Voici un article publié sur le site de Lact – Représentant École de Palo Alto

 

Approche systémique de l’éducation :
Les prophéties auto-réalisatrices

Par Roxane Bernard
Thérapeute systémicienne de la relation
Psychopédagogue

« Dès que les professeurs commencèrent à le traiter en bon élève, il le devint véritablement : pour que les gens méritent notre confiance, il faut commencer par la leur donner. »
Marcel Pagnol, Le Temps des amours, 1988, p. 76.

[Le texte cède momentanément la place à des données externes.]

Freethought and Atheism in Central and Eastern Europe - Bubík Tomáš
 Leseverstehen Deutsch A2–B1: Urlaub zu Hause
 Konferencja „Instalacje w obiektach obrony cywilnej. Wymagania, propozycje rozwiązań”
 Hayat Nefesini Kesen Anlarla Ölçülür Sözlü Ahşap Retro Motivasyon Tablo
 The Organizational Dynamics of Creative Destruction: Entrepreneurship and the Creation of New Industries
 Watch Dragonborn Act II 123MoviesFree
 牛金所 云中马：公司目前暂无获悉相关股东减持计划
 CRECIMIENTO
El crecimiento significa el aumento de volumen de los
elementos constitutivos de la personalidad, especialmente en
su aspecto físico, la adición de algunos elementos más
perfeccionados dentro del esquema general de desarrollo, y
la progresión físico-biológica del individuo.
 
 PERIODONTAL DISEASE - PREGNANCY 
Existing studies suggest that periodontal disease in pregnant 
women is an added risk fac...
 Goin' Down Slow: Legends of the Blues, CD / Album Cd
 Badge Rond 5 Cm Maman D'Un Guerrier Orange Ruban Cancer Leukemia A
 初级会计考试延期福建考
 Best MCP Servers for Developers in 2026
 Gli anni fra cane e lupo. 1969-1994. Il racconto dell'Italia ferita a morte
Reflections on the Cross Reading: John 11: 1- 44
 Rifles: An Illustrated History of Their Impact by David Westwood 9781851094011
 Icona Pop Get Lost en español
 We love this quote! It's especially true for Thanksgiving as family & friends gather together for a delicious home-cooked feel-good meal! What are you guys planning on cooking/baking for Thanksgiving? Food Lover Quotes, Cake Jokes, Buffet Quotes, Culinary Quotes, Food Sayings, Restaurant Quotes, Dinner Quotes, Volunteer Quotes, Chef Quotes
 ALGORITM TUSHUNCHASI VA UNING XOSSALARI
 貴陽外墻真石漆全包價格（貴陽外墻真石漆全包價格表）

Nous avons besoin, lorsque nous sommes en relation, de comprendre l’autre car le fonctionnement de notre cerveau nous incite à prédire et surtout expliquer à ses comportements : « Ces impressions, croyances, perceptions ou autres attentes (expectations) que nous avons à l’égard d’une personne peuvent orienter nos pensées et nos comportements envers elle, et en retour influencer les pensées et comportements de celle-ci » (Snyder et Stukas cités par Trouilloud et Sarrazin, 2003, p. 90).

Les prophéties auto-réalisatrices, qu’est-ce que c’est ?

Dès 1948, Robert Merton nomme cette croyance erronée conduisant à sa réalisation « self-fulfilling prophecy » (prophétie auto-réalisatrice). Selon lui, « une prophétie auto-réalisatrice est une définition d’abord erronée d’une situation qui suscite un nouveau comportement qui rend exacte cette conception initialement fausse » (Merton cité par Trouilloud et Sarrazin, 2003, p. 90).

En 1968, Robert Rosenthal et Lenore Jacobson publient Pygmalion à l’école, dans lequel ils décrivent le rôle joué par les attentes des enseignants sur la réussite ou l’échec scolaire des élèves et démontrent que les préjugés positifs des enseignants sur leurs élèves ont une influence majeure sur le potentiel ce ceux-ci. Lors d’une expérience, Rosenthal et Jacobson font croire à des enseignants que certains élèves de leur classe ont une forte probabilité de réaliser des progrès durant l’année scolaire, leur cachant qu’en réalité, ces élèves, sélectionnés au hasard, ne présentent pas de différences particulières avec les autres élèves de la classe. Et pourtant, ces élèves dits « prometteurs » ont progressé au niveau du QI, confirmant les espoirs placés en eux. Cette prophétie accomplie fut nommée « effet Pygmalion » ou « effet Rosenthal et Jacobson ».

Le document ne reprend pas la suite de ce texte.